**Input:**
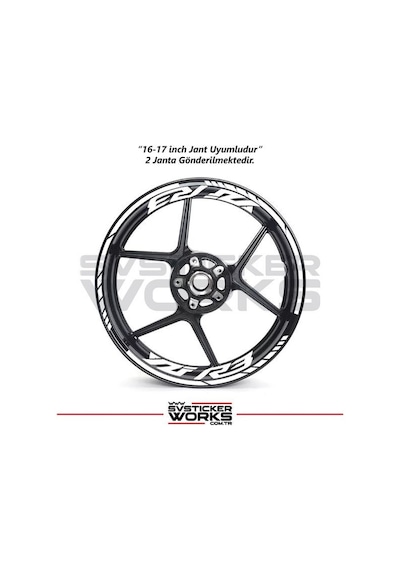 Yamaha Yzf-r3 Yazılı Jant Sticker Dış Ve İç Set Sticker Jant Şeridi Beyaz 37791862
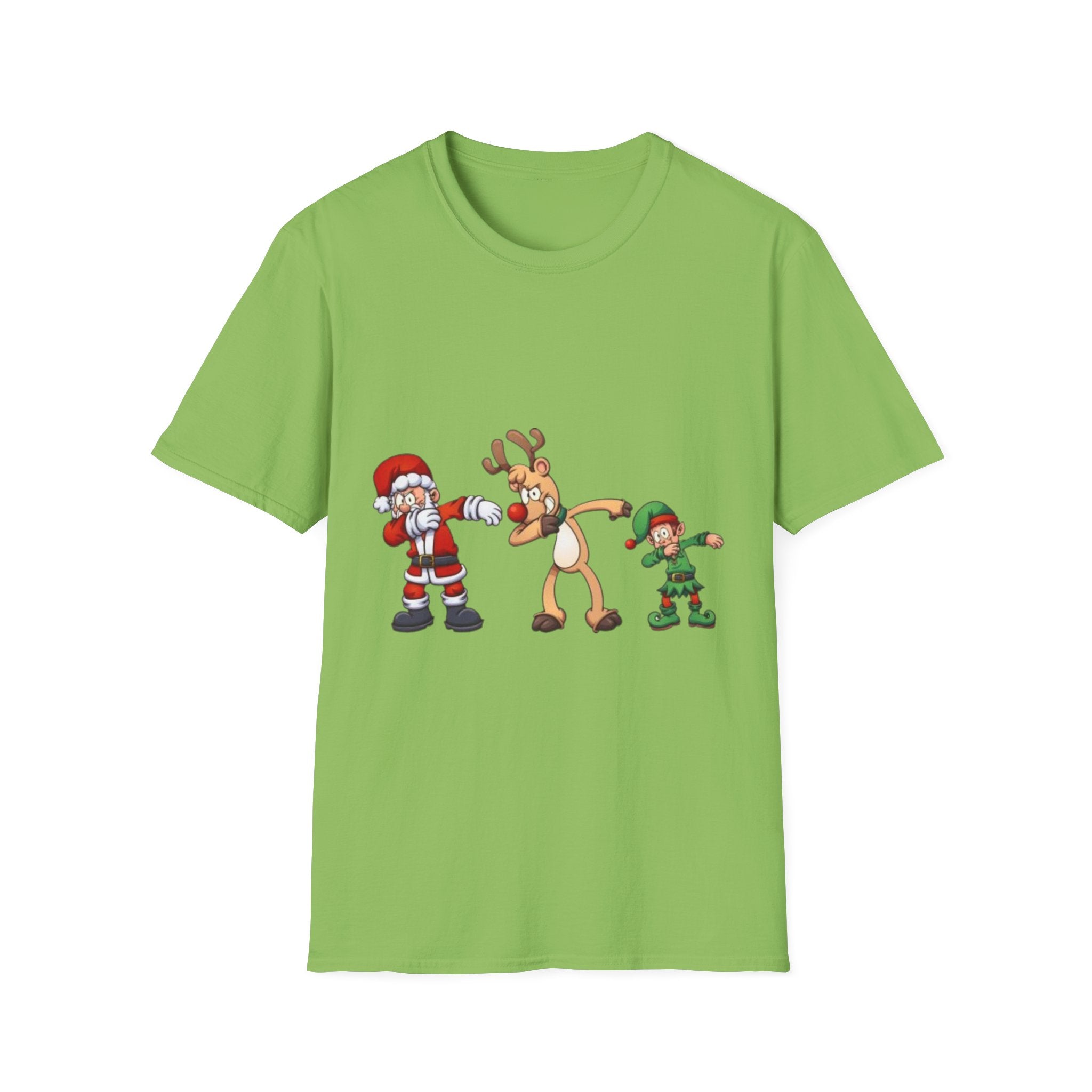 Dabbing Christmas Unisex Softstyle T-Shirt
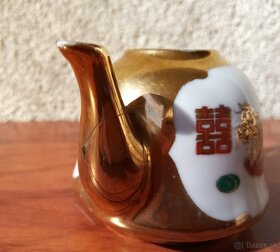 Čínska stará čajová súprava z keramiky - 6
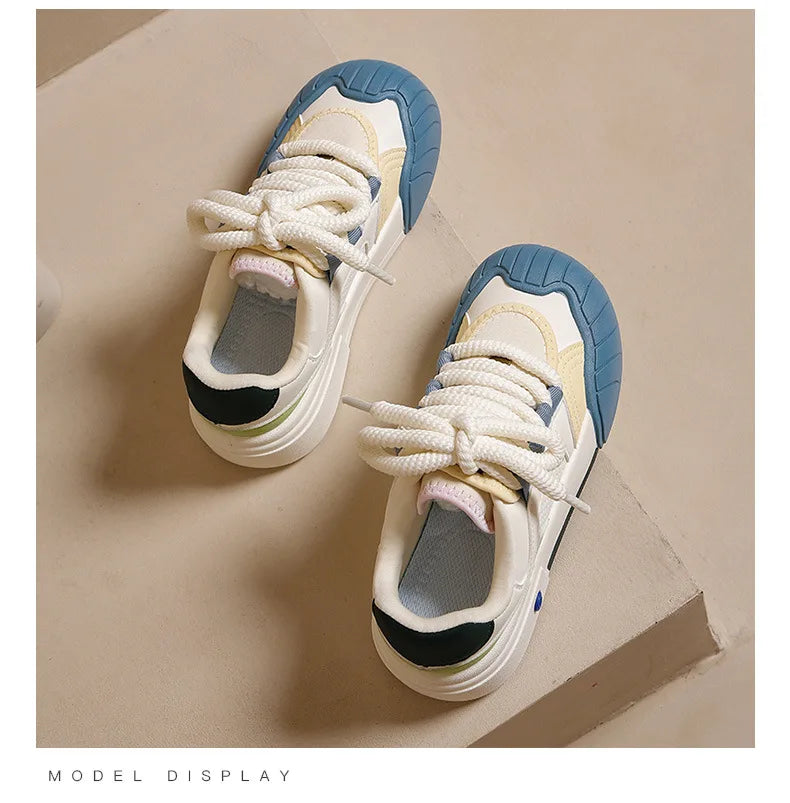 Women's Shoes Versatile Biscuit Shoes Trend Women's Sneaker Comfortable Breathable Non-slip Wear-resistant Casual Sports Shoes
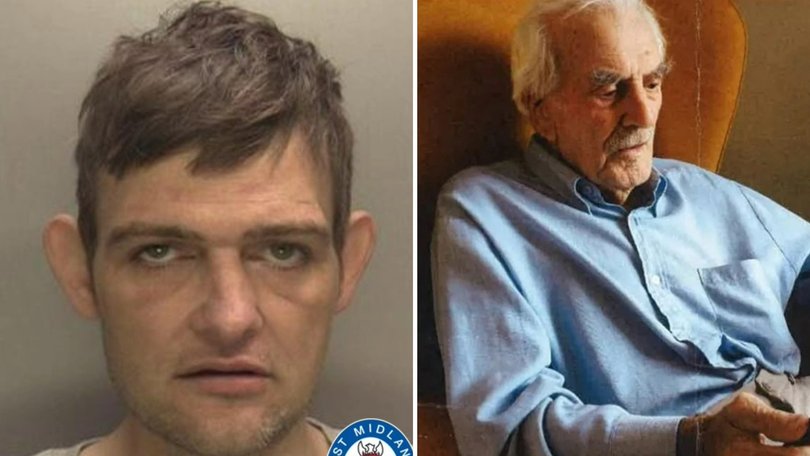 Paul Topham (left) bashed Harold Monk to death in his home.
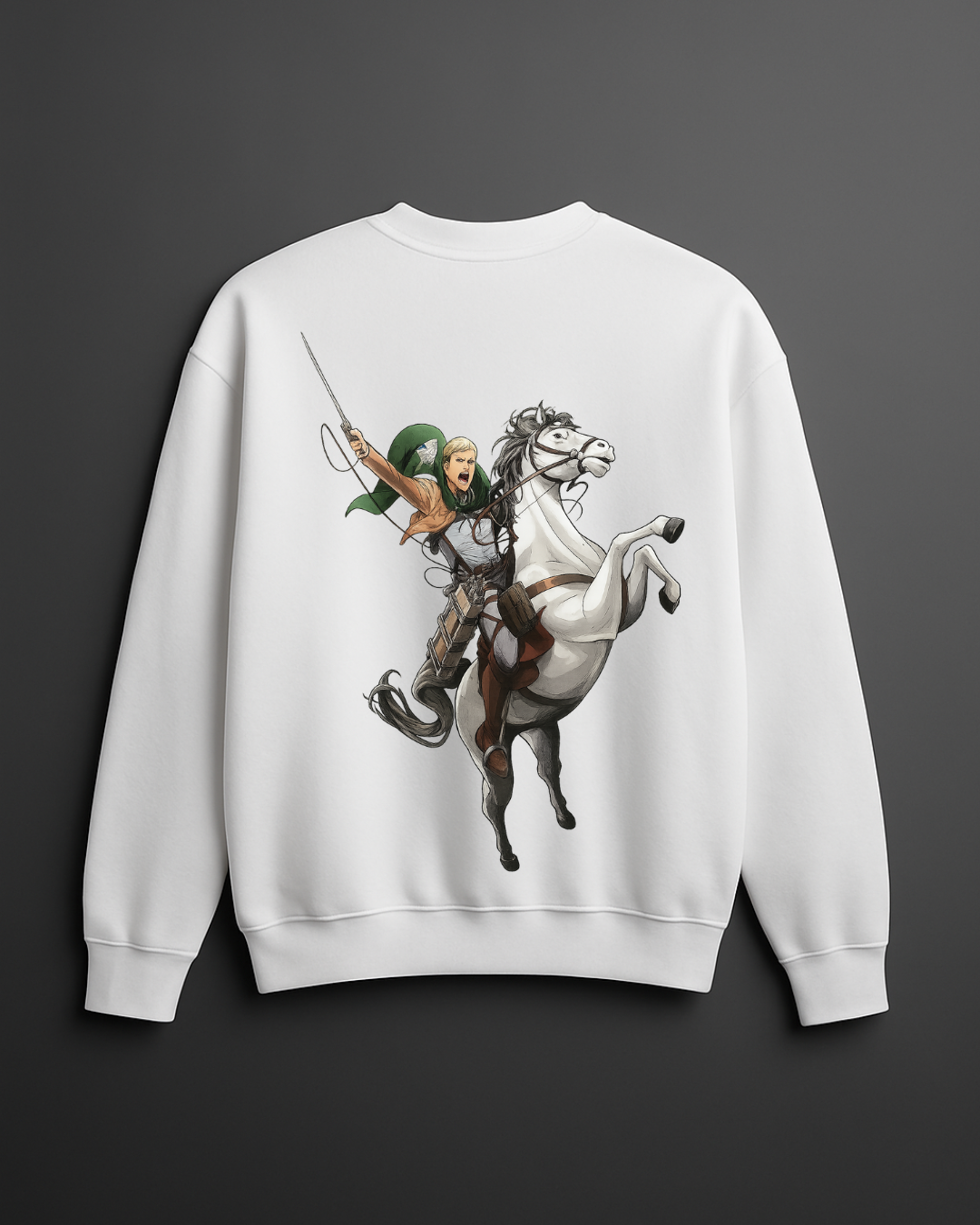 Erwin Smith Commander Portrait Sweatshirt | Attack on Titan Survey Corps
...
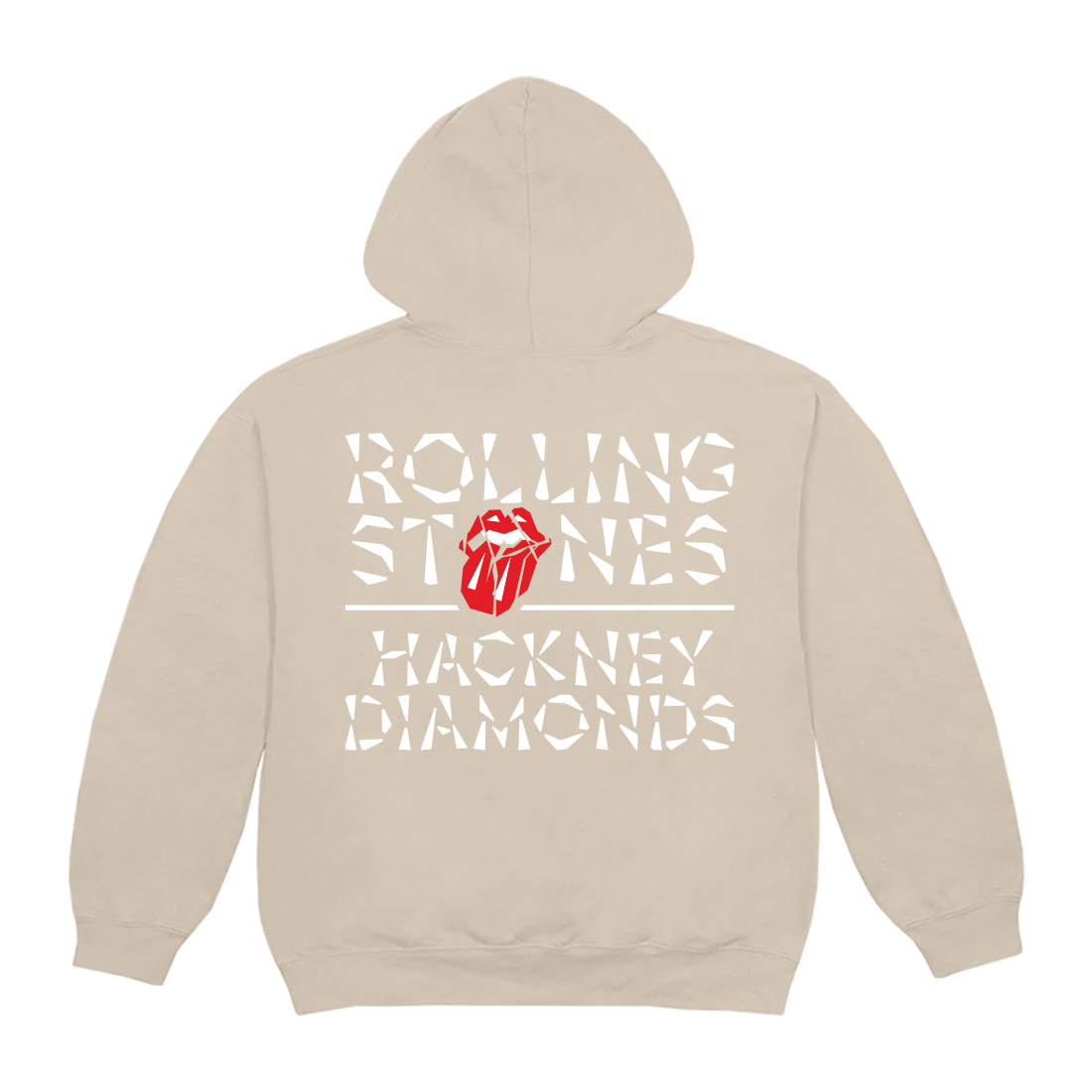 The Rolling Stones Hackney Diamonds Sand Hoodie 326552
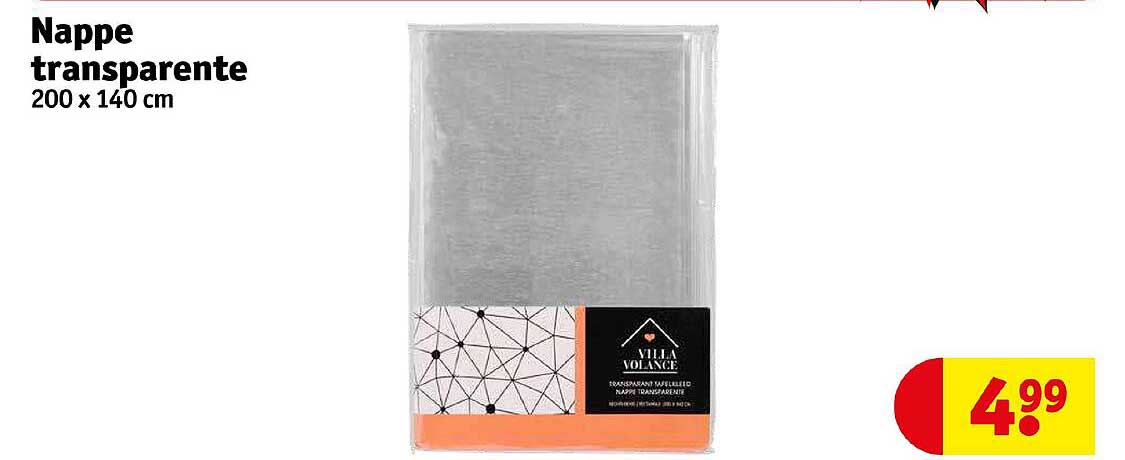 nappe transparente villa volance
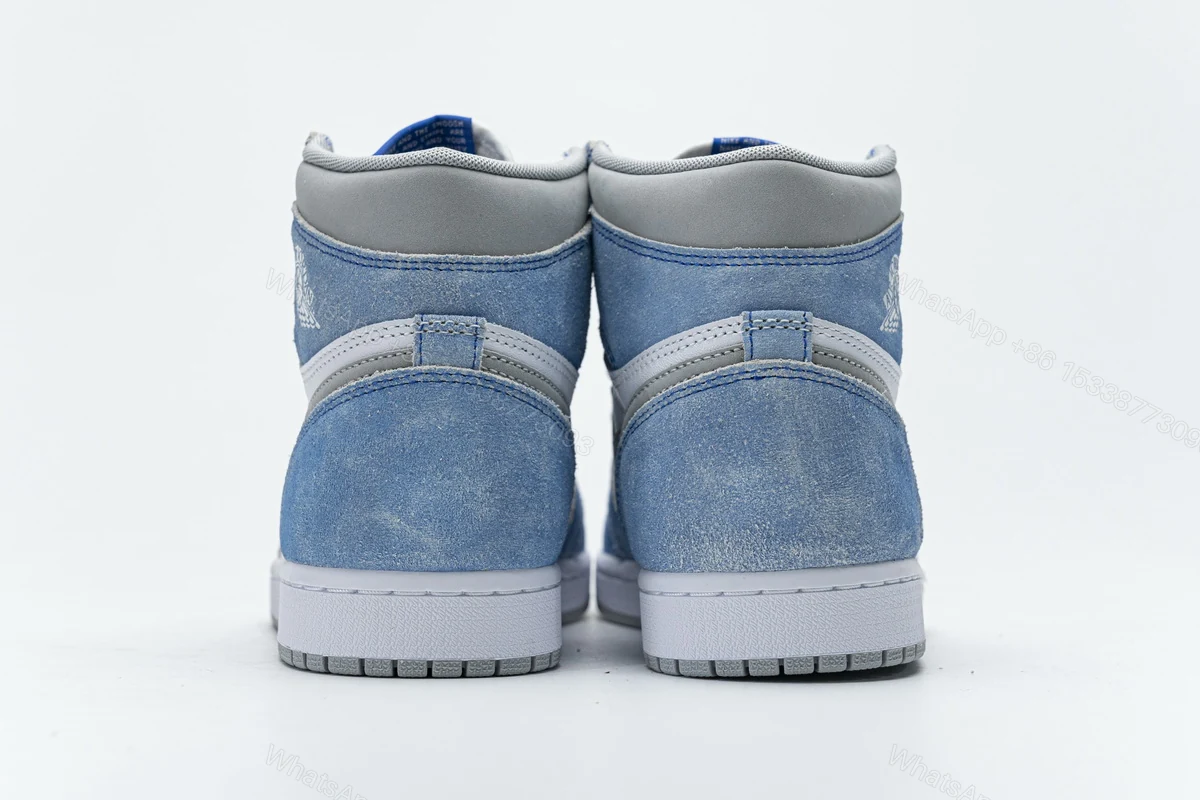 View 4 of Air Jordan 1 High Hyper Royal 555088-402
--
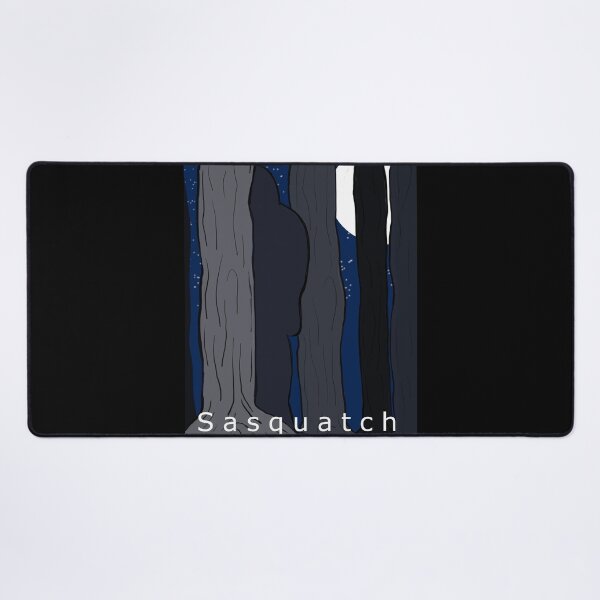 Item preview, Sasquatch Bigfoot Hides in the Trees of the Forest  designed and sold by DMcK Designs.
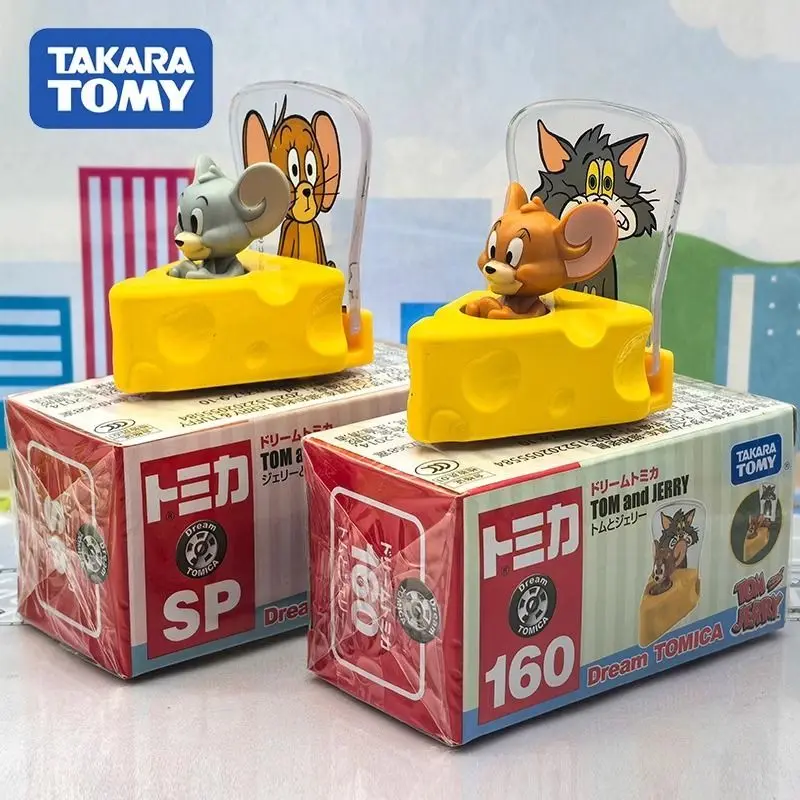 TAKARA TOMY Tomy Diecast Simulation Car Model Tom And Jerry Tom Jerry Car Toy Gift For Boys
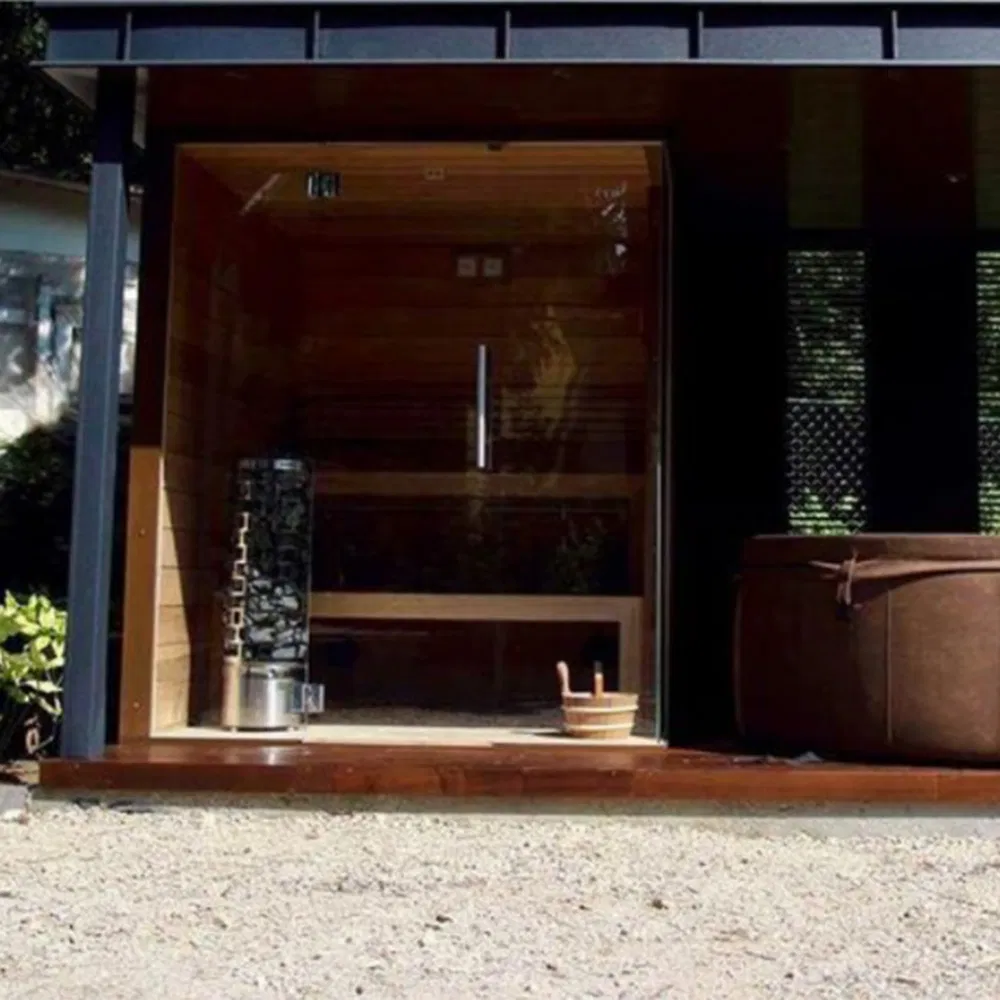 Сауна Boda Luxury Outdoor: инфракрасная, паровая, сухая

**Exercise prompt:** Out of the records above, return only the lines from the one with "Yamaha Yzf-r3 Yazılı" through the one with "Erwin Smith Commander", exactly, and none of the pictures.

**Response to this exercise:**
 Yamaha Yzf-r3 Yazılı Jant Sticker Dış Ve İç Set Sticker Jant Şeridi Beyaz 37791862
 Dabbing Christmas Unisex Softstyle T-Shirt
 Čínska stará čajová súprava z keramiky - 6
 Women's Shoes Versatile Biscuit Shoes Trend Women's Sneaker Comfortable Breathable Non-slip Wear-resistant Casual Sports Shoes
 Paul Topham (left) bashed Harold Monk to death in his home.
 Erwin Smith Commander Portrait Sweatshirt | Attack on Titan Survey Corps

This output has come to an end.